Fuck off, ageism.
di Michele Esposito
Viviamo in un’epoca di profonde riflessioni. Appartiene a tutti la sensazione che il mondo stia cambiando e che facciamo fatica a stare a passo con le tante sensibilità, la richiesta di rispetto ci viene gridata a gran voce ogni giorno e l’espressione “politically correct” è entrata a far parte ormai del nostro quotidiano.
Le forme di razzismo sono tante e sono spesso sottilissime. Una di queste è forse la meno riconosciuta, la più frequentata e quella che colpisce un numero enorme di persone: l’ageismo.
Per ageismo si intede quella forma di discriminazione che colpisce una persona anziana o che comunque non è più considerabile giovane. L’annichilimento, l’umiliazione e la derisione della persona agè.
Nemmeno a dirlo, chi subisce di più questa forma di razzismo sono le donne. La combo perfetta fra ageismo e patriarcato causa più umiliazioni di quanto se ne voglia riconoscere.
Se sei una nonna che accudisce i nipoti e sforna torte di mele che manco una pasticceria, diventi immediatamente rispettabile: sei un esempio, sei il perno della famiglia. Non solo della tua famiglia, ma di tutte le famiglie. Diventi la nonna di tutti e tutti provano affetto per te, rispetto per te e gratitutine per te. Poco importa se quella stessa nonnina è stata magari una carogna per tutta la vita e ha dato fuoco con il napal alla foresta amazzonica e si è cucita pellicce squoiando povere nuore indifese: dal momento che inizi a distribuire torte di mele, bella zitta e muta in cucina dalla mattina alla sera, verrai automaticamente santificata e accettata dal sistema.
Tutto cambia nel momento in cui a te di distribuire torte di mele non te ne frega una cippa lippa. Lì inizieranno i tuoi guai.
Nello showbiz una delle prime a denunciare il fenomeno dell’ageismo, e figuriamoci se poteva non essere cosi, è stata Madonna. Le viene chiesto di ritirarsi ormai da vent’anni, considerata anziana e inopportuna anche quando era ancora giovane.

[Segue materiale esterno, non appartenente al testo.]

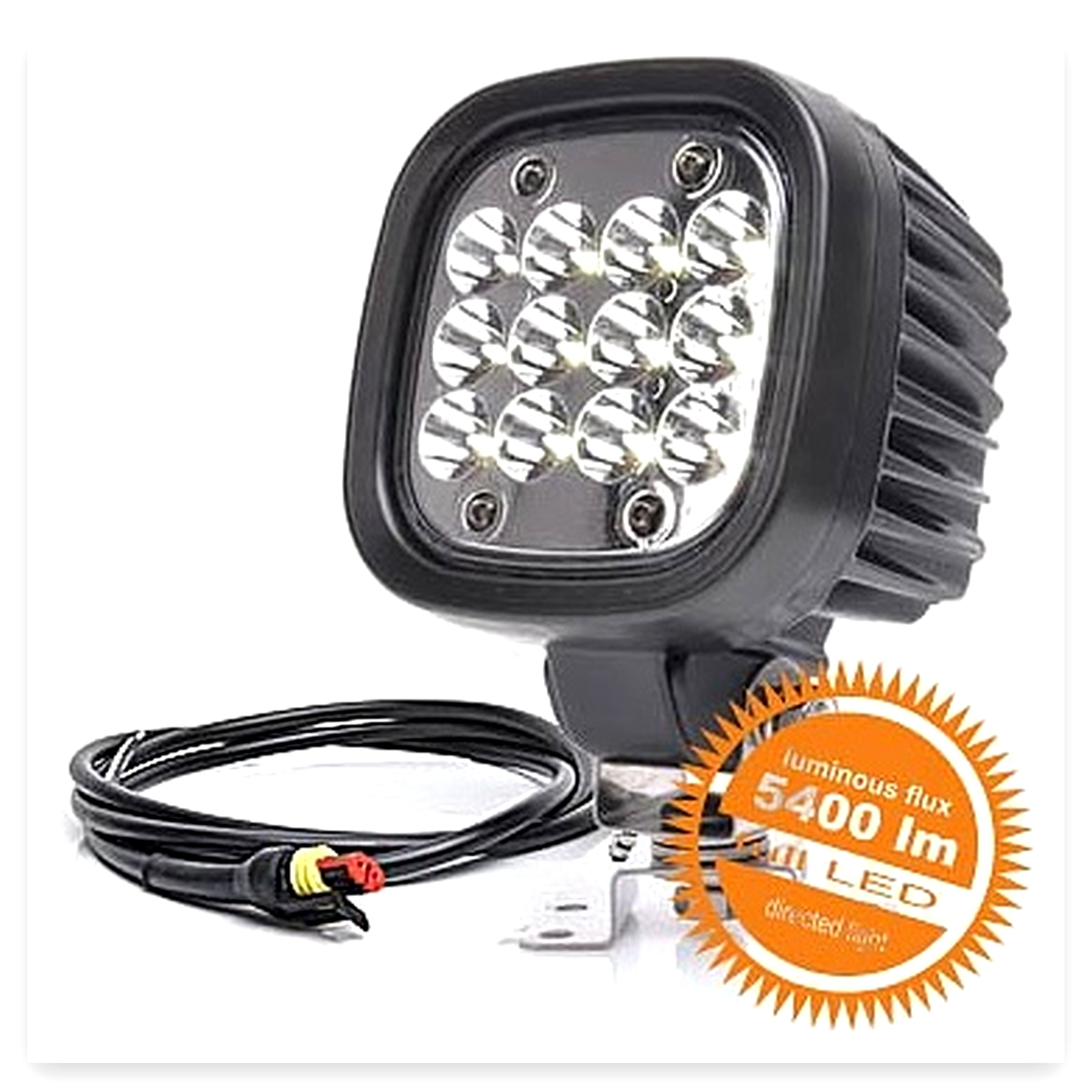 ce05fa74f3f5db46cbab7803fd39356a.jpg Lampa robocza światło skupione LED V 5400lm wodoodporna z złączem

Se sei nel fiore dei tuoi anni, bella e fresca come una rosa, e mostri le poppe va bene. Se sei una sessantenne, magari hai fatto degli interventi estetici e hai ancora voglia di mostrarti, in automatico diventi imbarazzante e ridicola. Come se la libertà di mostrarsi, di provocare, di ammiccare, di essere sensuale e sessuale fosse una prerogativa accettabile solo se sei giovane. Come se nel momento in cui iniziano a crescerti i primi capelli bianchi smetti di essere sexy e dovesse iniziare il tuo inesorabile destino a sbucciare mele per farne torte.
“Se ai commenti di una foto su Instagram leggiamo un’insulto contro un omosessuale ci scandalizziamo tutti. Nessuno accetta che si possa insultare un ragazzo che mette le smalto o il rosetto. Tutti ci sentiamo in dovere di difendere il ragazzo che viene insultato perchè omosessuale. Lo stesso vale se sei nero o asiatico. Un insulto razzista viene immediatamente condannato dalla società civile, addirittura sei perseguibile per legge se i tuoi insulti superano il limite. Nessuno accetterebbe mai un commento dispregiativo verso una persona disabile, possiamo indignarci tutti se non viene rispettata la fede religiosa di una persona. Ma sull’età ognuno è libero di insultare chi vuole. In quel caso non c’è limite all’nsulto. Chiunque può dire che sei ridicola o che fai schifo se a sessant’anni indossi una minigonna, tutti si sentono in diritto di disprezzarti o umiliarti se le tue scelte personali o professionali non corrispondono alla visione della “donna matura”. Io non sono matura. Io sono una donna. E continuo a fare ciò che voglio fare a prescindere dalla mia età e soprattutto a prescindere da quello che voi pensiate che io debba fare alla mia età.”
Se libertà deve essere, indossa la minigonna. Qualsiasi età tu abbia.